What is the weirdest thing one of your teachers did?

A few years back, my daughter was teaching grade 6-7 science classes, and the last topic of the year was Sex Ed. She’d start the topic by standing in front of the class and reciting “Penis, vagina, penis, vagina, penis, vagina… now that we’ve got that out of the way…” and she’d go on to teach the topic. I can’t imagine dealing with kids that age and that subject, but once she got their giggling out of the way, it was just another science class.

My older sister had a math teacher the year Watergate was going on and she never learned algebra II. Some of the kids would get him talking about it and he would never get back to his lesson.

I had a history teacher in middle school who was starting to have a breakdown. He would start to cry in class.

I had a psychology teacher in high school that would put on a movie and go lay down on the back of the class where he had a sofa. Sometimes he wouldn’t wake up at the end of class. They actually had a procedure where students could file a formal complaint. Several of us did but in the hearing his defense was that he wasn’t feeling well, and the other teachers and administrator on the committee accepted that.

This one seemed weird even at the time.

7th grade gym class. The teacher told us we were going to play a new game. Then he described it:

All the students stand in a circle, single-file. You place your right thumb in your mouth and your left thumb up the ass of the student in front of you. When the teacher calls out “switch!”, you spin around and face the guy who was previously behind you and reverse thumbs (so you are now sucking on the thumb that was in the first guy’s ass and your other thumb is inside the other guy).

This was never actually done, of course, just his idea of a funny. I’m sure he did it with every class.

mmm

I also had a prof that could easily be led astray into some topic that had no bearing on the lecture of the day. He had been a rather serious amateur race car driver in his youth and so if someone in class decided that they didn’t want to hear a lecture that day they would ask him some random automotive question while appealing to his racing past:

“So, Mr. B, I’m thinking I want to swap out my Holley 2-barrell with a 4-barrel Edelbrock with mechanical secondaries. I really want more horsepower. Is that something you did to your race cars? Would that work?

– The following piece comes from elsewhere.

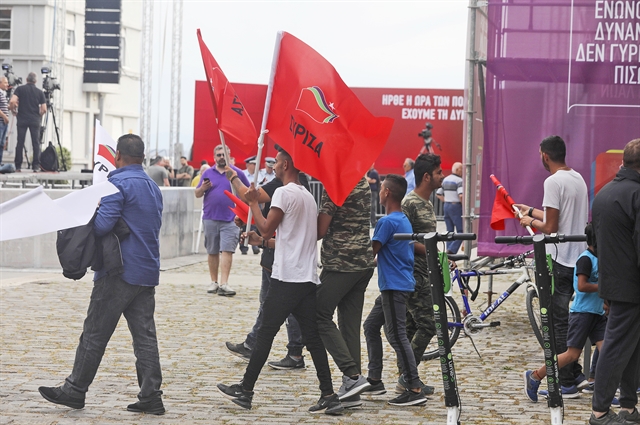 Οι άδειες πλατείες του Τσίπρα και οι Ρομά
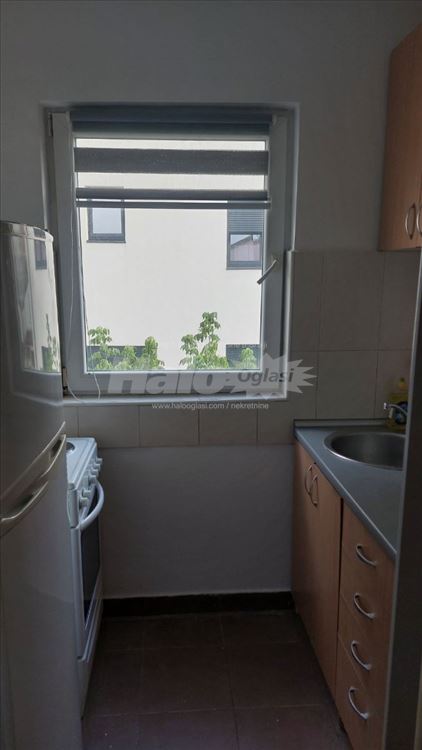 Izdajem 1.5 stan sa terasom Juzni bulevar ,Vračar — 6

“Well, the cheapest way to get fast and easy horsepower increases is to up the size of your air filter. Or get rid of it, but that has risks. When I was racing what I would always do was…”

An hour later he’d still be prattling on about racing.

But I think the single weirdest thing I saw a prof do was not give a shit about his audience.

I was listening to one of my history department profs give a lecture about something or another to an audience in a large lecture hall. This wasn’t a regular class lecture but rather part of a guest lecture series presented in the evenings across several weeks. The audience was about half history department students and other faculty and about half public guests. During the lecture one of the audience members raised her hand and asked him to pause – there was a medical emergency (someone next to her had passed out). He stopped mid-sentence, started at her for a long moment with a look of utter indignation, then walked across the stage to where a folding chair sat and promptly sat down and started playing around on his phone. Meanwhile the woman called 911 to request an ambulance while people congregated around her to try to help. There was some medical-type person in the audience and that guy rushed over and started talking on the phone to the 911 people, giving them all sorts of info in medicalese.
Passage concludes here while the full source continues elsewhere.